Trump’s hostility towards China and commitment to tariffs on Sino-American trade affected the currencies of both countries. There was increased demand for USD and a corresponding decrease in demand for CNH. In turn, this caused the USD dollar to appreciate against the CNH, which resulted in the USDCNH rising.


Market volatility around Trump’s more aggressive tweets tends to be high. As the chart above shows, there was a massive spike in the very next candle following his tweet, and the (ATR) increased tremendously.

When the price “whipsaws” — moves very quickly back and forth — like this, a trader may need to set a wider stop loss than usual. In the above example, adopting this tactic would mean the trader avoids being “whipsawed” out of the trade by the spike.

Combine insights from both the economic calendar and Trump’s twitter feed and open a trade with Exness today

Pro-Trader Tip: A trailing stop loss can maximise favourable trends


“Going to New York. Will be with Prime Minister Abe of Japan tonight, talking Military and Trade. We have done much to help Japan, would like to see more of a reciprocal relationship. It will all work out!”

Donald Trump, 1:52 pm – 23 Sep 2018


Trump and Japan: 4:52am, 24 September 2018 (GMT+7)



On 23 September 2018, Trump announced that he was hoping for a mutually favourable outcome to his meeting with Japanese Prime Minister Shinzō Abe. The positive content of this tweet resulted in the Japanese yen strengthening, and thus the USDJPY dropping.
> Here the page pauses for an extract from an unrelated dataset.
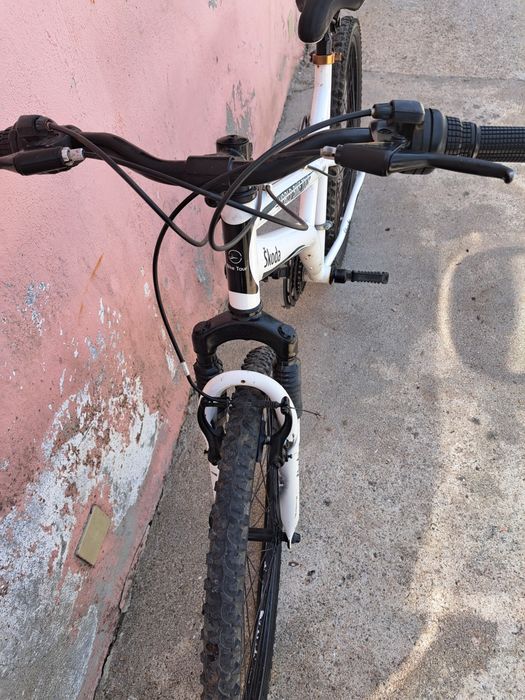 Bicicleta skoda com suspensão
In a similar reaction to Trump’s negative tweet about China, his positive tweet about Japan resulted in market volatility. The ATR shot up and there was also some strong whipsaw price action. As with the “Trump and China” scenario, setting a wider stop loss in these conditions helps to avoid being whipsawed out of trades by wide price fluctuations.

A trader could also employ a trailing stop loss. This strategy ensures that the trader can take full advantage of the big moves that tend to occur during such volatile events. For example, after Trump’s tweet about Japan, the price did not fall for a short period — it plunged downwards. A trailing stop loss helps a trader to ride the price movement all the way, which is especially useful if they manage to forecast the direction correctly.

Read our expert guide to trading currency pairs in a Trump trade war.

Pro-Trader Tip: Only Trade When You See Opportunity


“Wow, I made OFF THE RECORD COMMENTS to Bloomberg concerning Canada, and this powerful understanding was BLATANTLY VIOLATED. Oh well, just more dishonest reporting. I am used to it. At least Canada knows where I stand!”

Donald Trump, 11:37 am – 31 Aug 2018



Trump and Canada: 2:37 AM – 1 Sep 2018 (GMT+7)


This confrontational tweet, regarding Trump’s stance towards Canada, may have been expected to impact the US and Canadian dollar. In its aftermath, there was volatility as the USDCAD spiked down and up and the ATR shot up too. However, it was price movement without a clear opportunity to enter the market.

Don’t trade when there is volatility, but no clear opportunity. In this instance, while Trump’s tweets towards Canada again showed his ability to cause market volatility, it did not represent an obvious currency pair trading opportunity. In forex, it is as important to know when not to trade, as it is to know when the market is right for you.